Overall symptom scores and quality of life

In terms of the daytime nasal symptom score, the combination therapies of montelukast and either desloratadine (SMD = −0.51, 95% CI, −0.96 to −0.06), levocetirizine (SMD = −0.44, 95% CI, −0.73 to −0.16), or loratadine (SMD = −0.31, 95% CI, −0.56 to −0.05) resulted in statistically significant improvement compared to montelukast monotherapy (Fig. 2). In contrast, the combination with fexofenadine (SMD = −0.10, 95% CI, −0.56 to 0.37) and all antihistamine monotherapies—desloratadine (SMD = 0.30, 95% CI, −0.08 to 0.67), levocetirizine (SMD = −0.07, 95% CI, −0.43 to 0.30), loratadine (SMD = −0.15, 95% CI, −0.42 to 0.12), or fexofenadine (SMD = 0.20, 95% CI, −0.26 to 0.66)—did not show statistically significant differences.

Fig. 2 — SMD, standardized mean difference; Mon, montelukast; CI, confidence interval; Bila, bilastine; DesL, desloratadine; Fexof, fexofenadine; LevoC, levocetirizine; Lora, loratadine.

Regarding the nighttime nasal symptom score, only the combination of montelukast and levocetirizine achieved a statistically significant improvement compared to montelukast monotherapy (SMD = −0.21, 95% CI, −0.37 to −0.05). Other combinations of montelukast and desloratadine (SMD = −0.00, 95% CI, −0.49 to 0.48), fexofenadine (SMD = −0.20, 95% CI, −0.96 to 0.57), or loratadine (SMD = 0.01, 95% CI, −0.14 to 0.17), as well as all antihistamine monotherapies, did not show significant differences.

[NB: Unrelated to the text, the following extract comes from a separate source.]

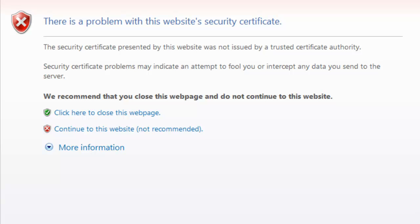As many users do, they go ahead and opt to continue to this website, which even though Internet Explorer says is not recommended, and Firefox makes you jump through hoops. But still, the end goal is that the user really wants to get to that content. They know if they can just click this one link they can bypass the error message and get right to the content they were after.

For the RQLQ outcome, a significant improvement was observed only in the montelukast–levocetirizine combination therapy (SMD = −0.48, 95% CI, −0.93 to −0.03). All of the other combination therapies or monotherapies failed to show any statistically significant benefit when compared to montelukast monotherapy.

Individual symptom domains

In the domain of nasal obstruction, montelukast combined with either desloratadine (SMD = −0.74, 95% CI, −1.27 to −0.22) or levocetirizine (SMD = −0.54, 95% CI, −0.90 to −0.19) showed significant efficacy compared to montelukast monotherapy (Fig. 3). Other treatments, including combinations with fexofenadine or loratadine, as well as all antihistamine monotherapies, did not differ significantly from montelukast monotherapy.

Fig. 3 — SMD, standardized mean difference; Mon, montelukast; CI, confidence interval; DesL, desloratadine; Fexof, fexofenadine; LevoC, levocetirizine; Lora, loratadine.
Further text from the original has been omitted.